Tutto grazie a una rete neurale alla cui base c’è il deep learning, ossia quella tecnologia d’apprendimento automatico, sviluppata a partire dagli anni Ottanta, che mima il comportamento dei neuroni umani. I ricercatori del Mit l’hanno allenata per eseguire due compiti: da una parte, capire le parole dette nel mezzo di una conversazione di due secondi, dall’altra riconoscere il genere di una canzone attraverso un audio di durata altrettanto breve. In entrambi i casi, sono stati inseriti dei rumori di sottofondo per rendere l’impresa ancora più difficile e realistica. Proprio come se la macchina in questione si trovasse ad ascoltare ciò che diciamo mentre ci troviamo in un ambiente affollato.
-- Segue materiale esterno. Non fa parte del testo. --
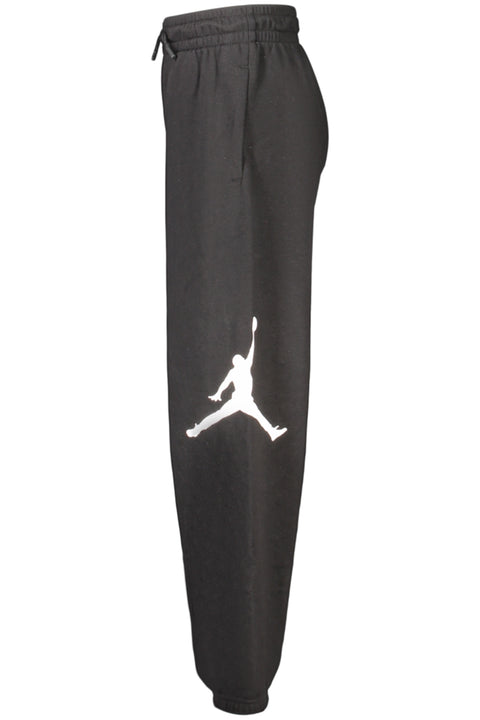 Jordan Pantalone Tuta Lungo Bambino Nero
Dopo aver sentito centinaia di registrazioni ad esempio, l’intelligenza artificiale ha acquisito le stesse capacità di un essere umano a svolgere gli esercizi. Anche quando si tratta di commettere degli errori: tende a fare più strafalcioni nelle clip in cui pure una persona in carne ed ossa commette maggiori sbagli. “Gli sviluppi nel campo dell’apprendimento automatico sono un’entusiasmante opportunità per le neuroscienze”, ha commentato Alexander Kell, uno degli autori principali dello studio. “Ora possiamo creare dei sistemi in grado di fare alcune delle cose che noi riusciamo a fare, mettere alla prova il modello e compararlo al nostro cervello”.
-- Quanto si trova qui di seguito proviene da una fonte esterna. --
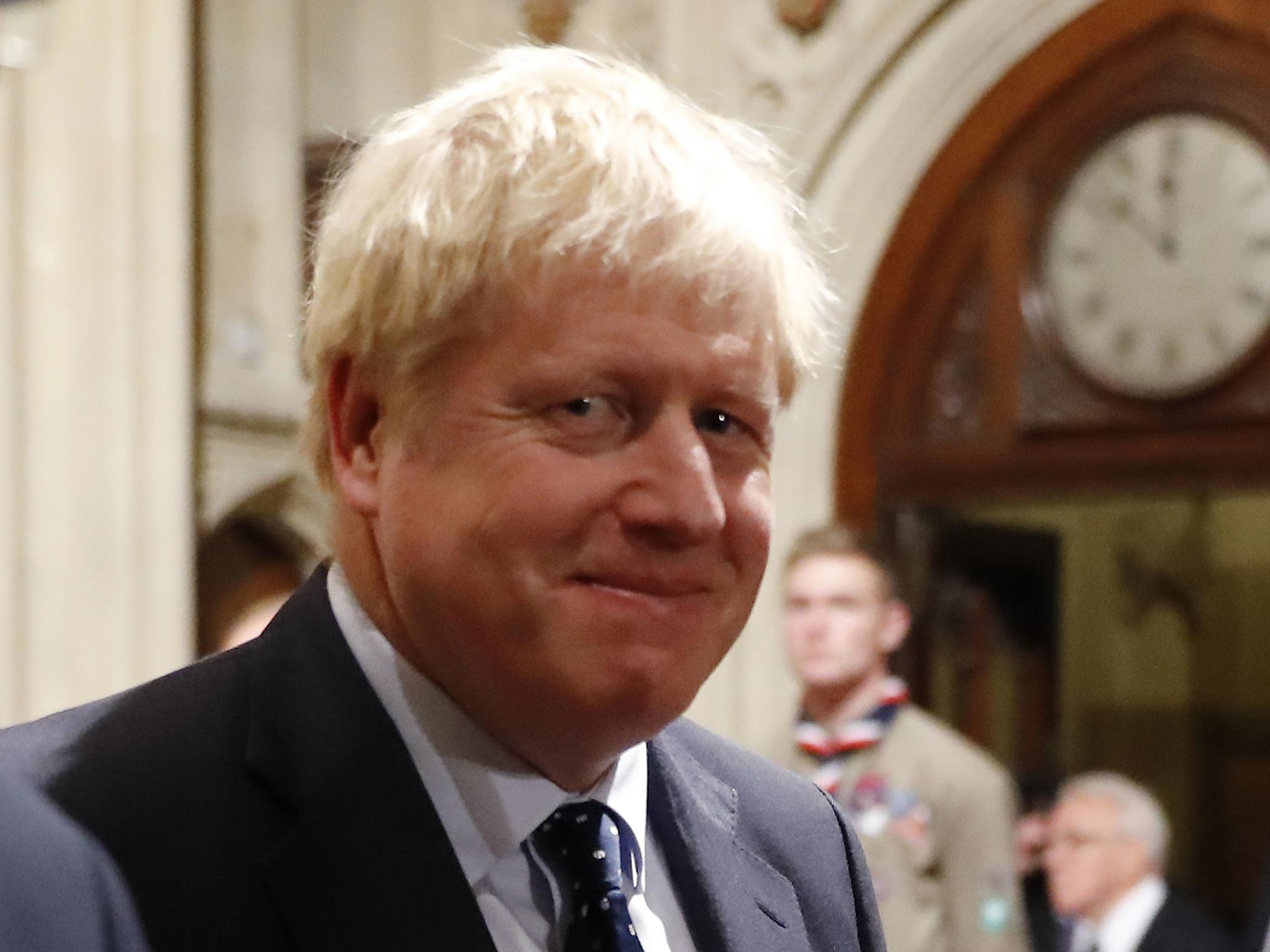 Johnson’s spokesman said the PM is still hopeful of leaving the EU on 31 October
Infatti, la ricerca è anche servita a comprendere meglio la struttura della corteccia uditiva umana, suggerendone un’organizzazione gerarchia: differenti aree cerebrali risponderebbero a diversi tipi di informazioni man mano che arrivano. Un meccanismo ben documentato nella corteccia visiva: la corteccia visiva primaria reagisce a stimoli semplici, per esempio i colori o l’orientamento, le altre zone si occupano di compiti più complessi come il riconoscimento degli oggetti. Ma di cui si hanno poche evidenze quando si parla del modo in cui elaboriamo i suoni. In parte, perché fino ad ora non erano stati messi a punto modelli abbastanza buoni da replicare il comportamento umano, sostengono gli scienziati.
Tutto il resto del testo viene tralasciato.